Such systemic change will require a combination of measures including land reform, women’s empowerment, crop diversification, supply chain management measures, or farmers’ access to micro-finance. This will take time and can only be possible if all actors — governments, cocoa farmers, sustainability certification organizations and chocolate producers — work together towards the same goals.

It also requires the muscle of the EU, which as the world’s largest importer of cocoa, has a unique ability for dialogue and agenda-setting. Having invested €25 million into support to West Africa, the European Commission has signaled the importance of the transition of the sector.

To successfully improve livelihoods and develop new living income guarantees, collaboration between all actors in the cocoa supply chain is vital.

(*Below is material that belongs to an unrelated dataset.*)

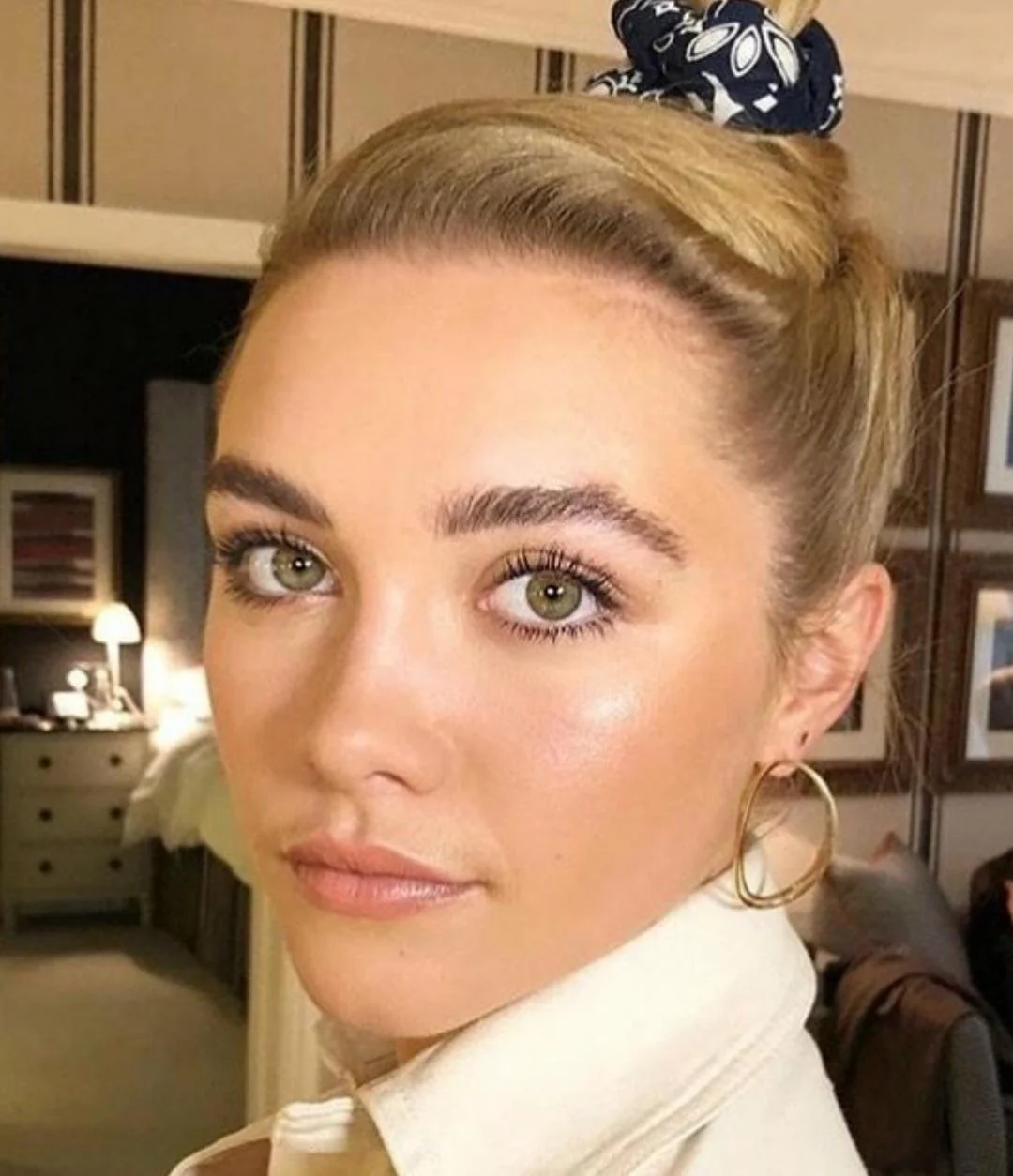 Florence Pugh picture 1 of 1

Price regulation should be part of a whole toolbox of measures. Through the EU Alliance on Sustainable Cocoa, the Commission has developed an excellent forum to commit all stakeholders to the search for new solutions. The markets and price working group has the potential to become the natural birthplace for fresh thinking in our sector. Any functioning market relies on the interplay of three variables — price, supply and demand — and improving the existing pricing framework cannot be successful without examining the other. The success of the working group will be determined by its ability to propose solutions, which go beyond one-sided top-down regulations, which have been tried and tested — but ultimately failed.

To successfully improve livelihoods and develop new living income guarantees, collaboration between all actors in the cocoa supply chain is vital.  All have roles to play in catalyzing and advancing smallholder based agricultural transformation.  We at Mars urge the EU’s Alliance on Sustainable Cocoa to use its incredible convening power to bring both origin governments and business around the table to help create a holistic, systemic solution to farmer livelihoods.  We would like to see the EU play an ‘honest broker’ role so that together with governments, we can build on the work of the Market and Price Working Group and bring about a more sustainable future for cocoa farmers and their communities.